##### GIVEN MATERIAL #####

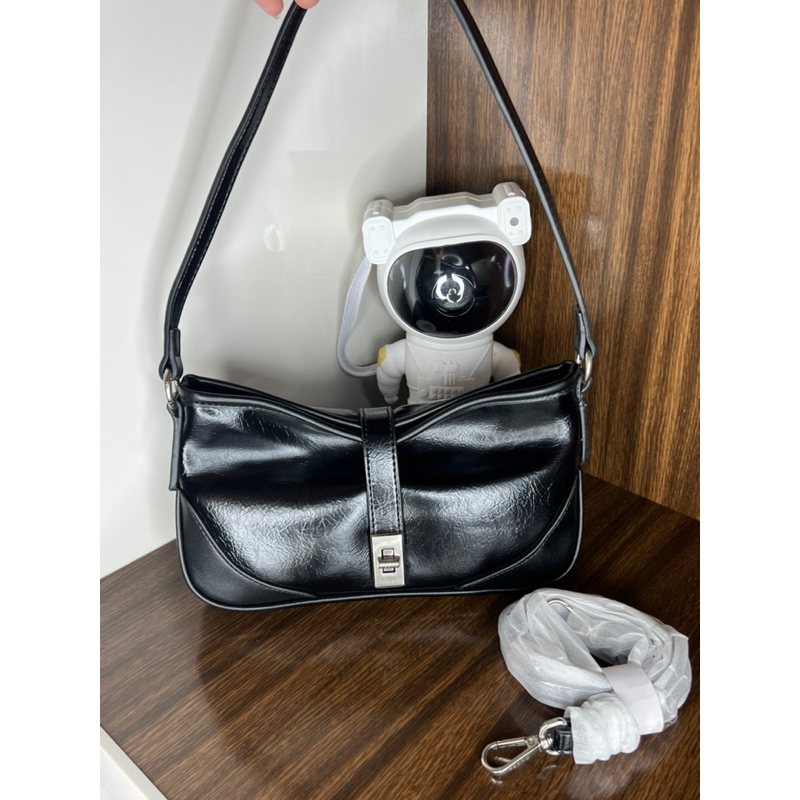 Túi kẹp nách pd miệng khoá kéo có dây dài đeo chéo Size 24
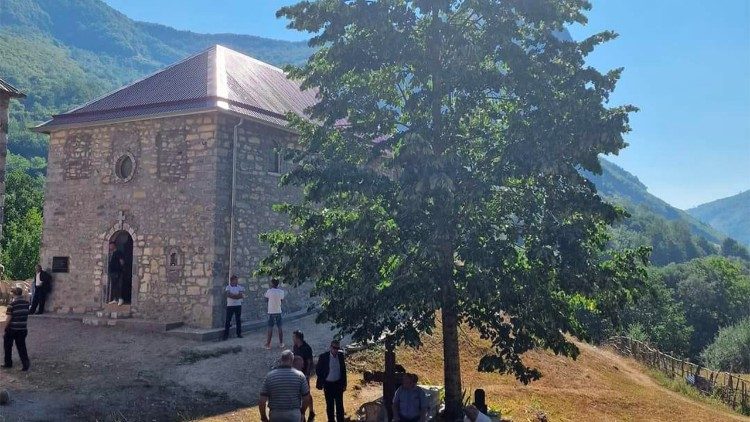 Kisha në Curraj i Epërm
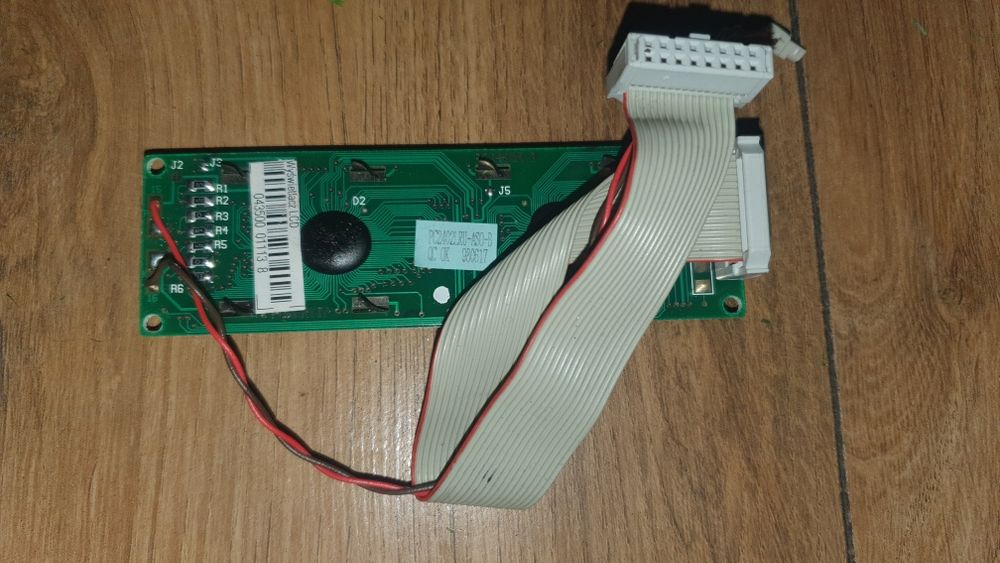 Wyświetlacz LCD alfanumeryczny z podświetleniem na zielono.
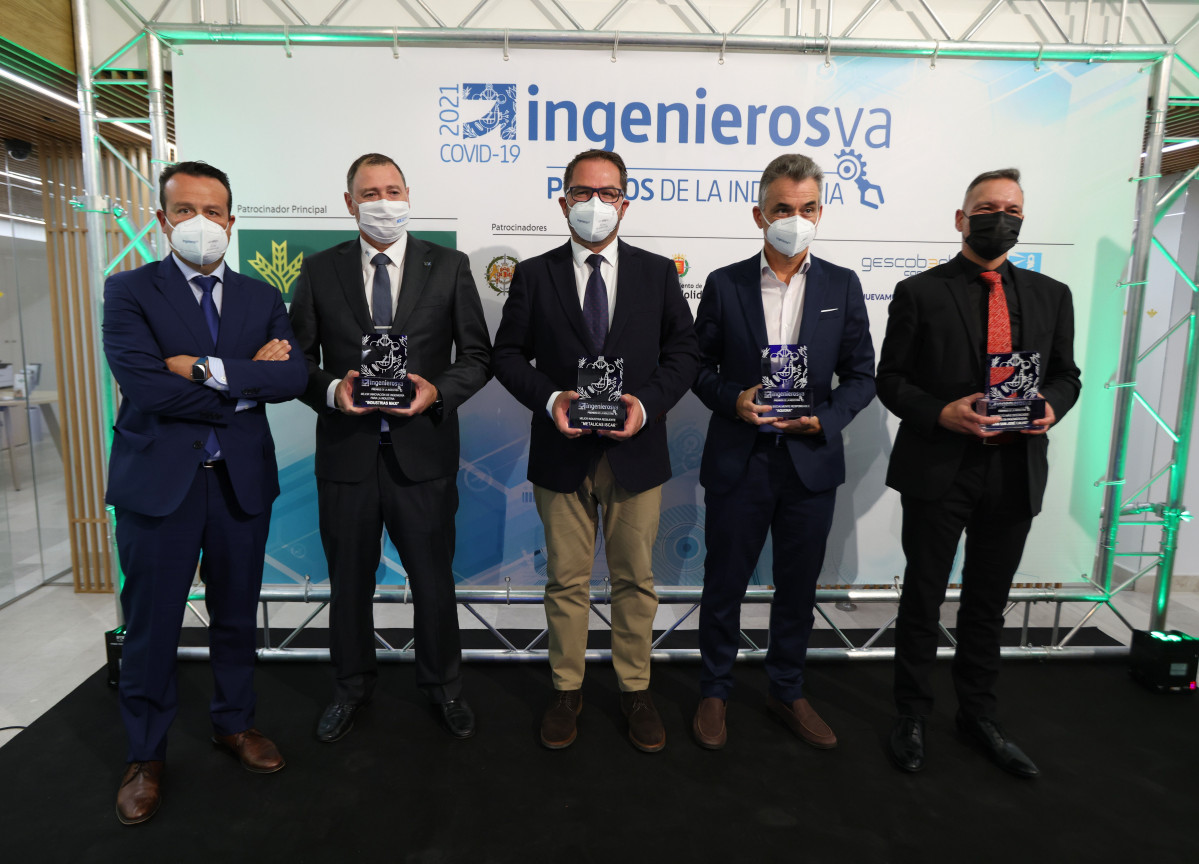 Foto de familia de los premiados en Ingenieros VA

#####

_WORK TO COMPLETE_
Please retype the material in full, exactly as it reads, apart from the images.

_COMPLETED TASK_
 Túi kẹp nách pd miệng khoá kéo có dây dài đeo chéo Size 24
 Kisha në Curraj i Epërm
 Wyświetlacz LCD alfanumeryczny z podświetleniem na zielono.
 Foto de familia de los premiados en Ingenieros VA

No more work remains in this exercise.